In recent years the field of mediation has grown far beyond its historical association with labor negotiations. Today mediators can be found dealing with conflict in a vast range of situations — from family to business issues, from school to government settings, from youth peer mediators to elders and their families trying to make care decisions.
While this field continues to expand, the opportunities for making it a career choice need to be carefully considered. Many times people contact us at the Pennsylvania Council of Mediators, asking about how to get the requisite training to be certified as a mediator and get listed on a roster or panel so they can start doing mediations. The answer to this question needs to start with an explanation of the current state of the field — at least as far as it exists in Pennsylvania.
Anyone who wants to become a mediator needs good training. Most people start with taking a basic mediation training. This can vary between 20 and 40 hours in duration. The topics generally covered may include information gathering and conflict assessment, relationship and interaction skills, communication skills, problem solving, decision making, agreement formalization, ethics and professional information. In addition to presenting conflict theory and information, a good training should include multiple opportunities to practice skills in role plays and other exercises.
Training is often offered by non-profit, community mediation centers; and you may also find training presented by experienced mediators who are brought into the area by a sponsoring organization.
Basic mediation is just that — basic. If you plan to act as a mediator in some specialized area, such as divorce and custody, elder issues, environmental, etc., you may need to take advanced training. Training in specialized areas is also offered by both community mediation centers, as well as professional groups.
A good mediator combines a balance of skills in the techniques and a manner that conveys neutrality and builds trust with clients. While training gives a good start to learning how to be a mediator, experience is what helps a mediator develop skills and establish comfort with his/her approach to dealing with conflict. People often expect to start getting this experience by observing a mediation or acting as a “junior” or co-mediator with an experienced mediator. As desirable as this is, it is often difficult to find these opportunities. The requirement for complete confidentiality in mediation may be a barrier to others’ observing; however, if the parties agree, observers may be present as long as the observers agree to the same confidentiality requirements as the mediator. There are limited settings where one can serve as a co-mediator. Community mediation centers usually require mediators in training to get experience by observing or participating as a co-mediator in several mediations. The reality is that these centers often have more volunteer mediators than they have cases calling for mediators. Individual practitioners have very limited situations where trainees can observe or participate in a mediation.
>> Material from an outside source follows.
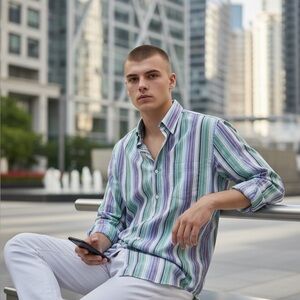 Tailorbyrd Collection Men's Striped Long‎ Sleeve Button Down Shirt, Blue Purple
There is currently no national or statewide organization that certifies or licenses mediators in Pennsylvania. Many times a mediator may state that s/he is a “certified mediator.” That usually means that whatever person or organization trained them provided them with some certification of having completed their training.
There are a number of local court systems in Pennsylvania that offer mediation as an option to litigation in a variety of situations: custody and divorce, small claims, civil suits, etc. These individual courts have established their own criteria for listing a mediator as a member of their roster. If you plan to try to mediate in such court settings, it is best to contact that court to determine their requirements.
If the point of getting trained is to make a living as a mediator, you need to understand the state of the field as far as employment opportunities are concerned. For all the explosion of interest in using mediation in a vast array of settings, there are few people who are able to make a living acting solely as a mediator.
People who take mediation training tend to have one of three primary goals in mind: become a volunteer (as in “unpaid”) at a community mediation center, enhance their skills in their current workplace setting (such as someone work in an HR department at a large company), or offer mediation services as an adjunct to their primary professional work (lawyers, real estate professionals, social workers, etc.).
Many people who have built a sustainable business offering mediation have started with long experience and a broad network of contacts in a professional field. When they have the necessary training and understanding of what mediation can offer to people involved in conflict, they already have the contacts and entrée in a field that facilitates their finding clients who can benefit from these mediation services.